Critique : Prisoners – La chasse

Affiche du film Prisoners de Denis Villeneuve sur lequel nous voyons les portraits de Hugh Jackman et Jake Gyllenhaal devant un fond très sombre. Au centre de l'affiche, nous voyons une photo de Hugh Jackman portant sa fille sur ses épaules.

On l’attendait depuis longtemps, ce thriller gris qui succéderait à Seven, Mystic River ou encore Zodiac. S’ils n’ont pas grand-chose en commun dans le scénario, ces œuvres réussissent toutes à distiller une ambiance poisseuse qui prend le spectateur aux tripes. Comme lorsqu’il va voir un film d’horreur, ce dernier prend plaisir à torturer son esprit, à dénouer une intrigue complexe tout en étant bouleversé par des questionnements moraux. Le cinéma de genre est l’outil parfait pour exposer sa créativité tout en l’accordant avec son point de vue sur des sujets universels. Denis Villeneuve vient de le prouver avec Prisoners.

Porté par Hugh Jackman et Jake Gyllenhaal, le long métrage nous présente le premier dans un rôle de père de famille qui perd les pédales lors de la disparition de sa fille. Jugeant inefficace le travail de la police représentée par le second, Jackman décide de mener l’enquête seul et fait tout pour retrouver son enfant et son kidnappeur.
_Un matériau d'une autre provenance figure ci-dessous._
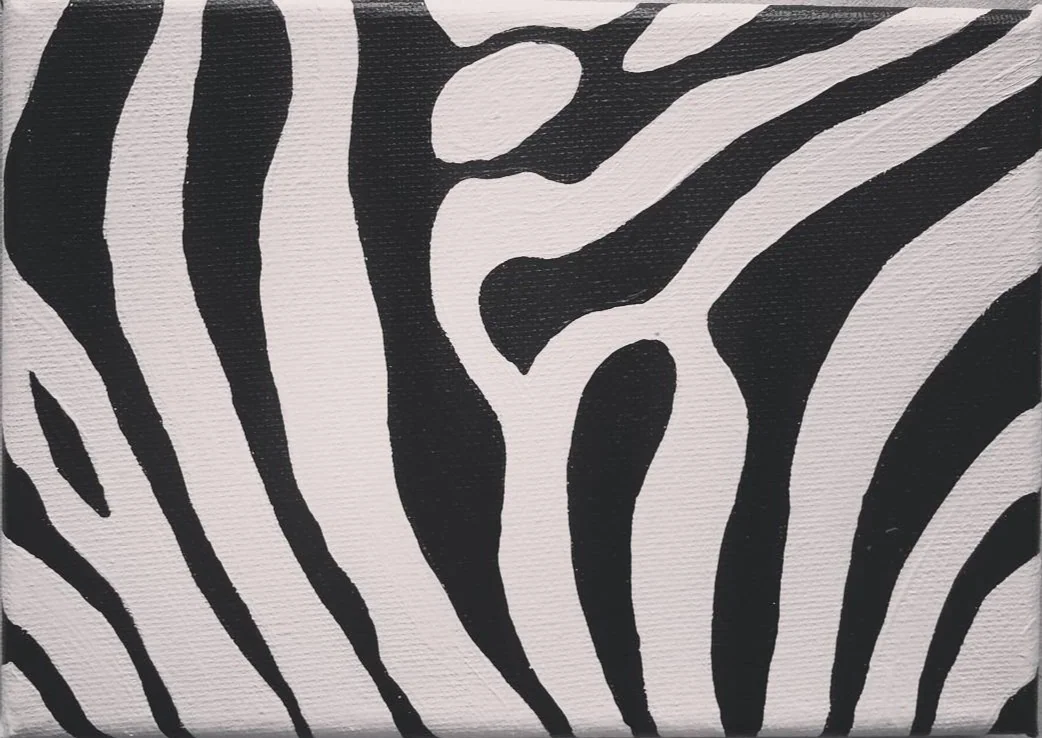 A black and white zebra-stripe composition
Prisoners est un film divisé en plusieurs actes. Chacun des chapitres est une avancée dans l’enquête et le fait que le récit soit concentré sur quelques jours rend le résultat encore plus intense. A chaque nouvelle journée, la pression est accentuée au même titre que le sentiment d’étouffement, car le spectateur est conscient que chaque minute est importante pour l’enfant. Villeneuve réussit à créer le malaise grâce à cette idée d’urgence qu’il maîtrise parfaitement.

Nous entrons dans un Boston noir et glacial pour y suivre la chute d’un Monsieur tout le monde dans l’animosité. La perte d’un enfant est probablement l’une des pires choses qui puisse arriver. Denis Villeneuve le sait et amène les réactions d’un personnage civilisé qui va basculer peu à peu dans la barbarie avec brio. Villeneuve a l’intelligence de ne pas cautionner ses actes et ne tombe jamais dans un propos réactionnaire, bien au contraire. En revanche, il n’exclut pas l’empathie que l’on peut avoir pour lui. Jackman est un individu prévoyant qui subit une situation imprévisible. Il doit donc prendre des décisions impossibles et oublier les notions de bien et de mal.

Photo de Jake Gyllenhaal dans le film Prisoners de Denis Villeneuve. L'acteur attend assis dans une grande pièce et observe une feuille qu'il tient dans ses mains.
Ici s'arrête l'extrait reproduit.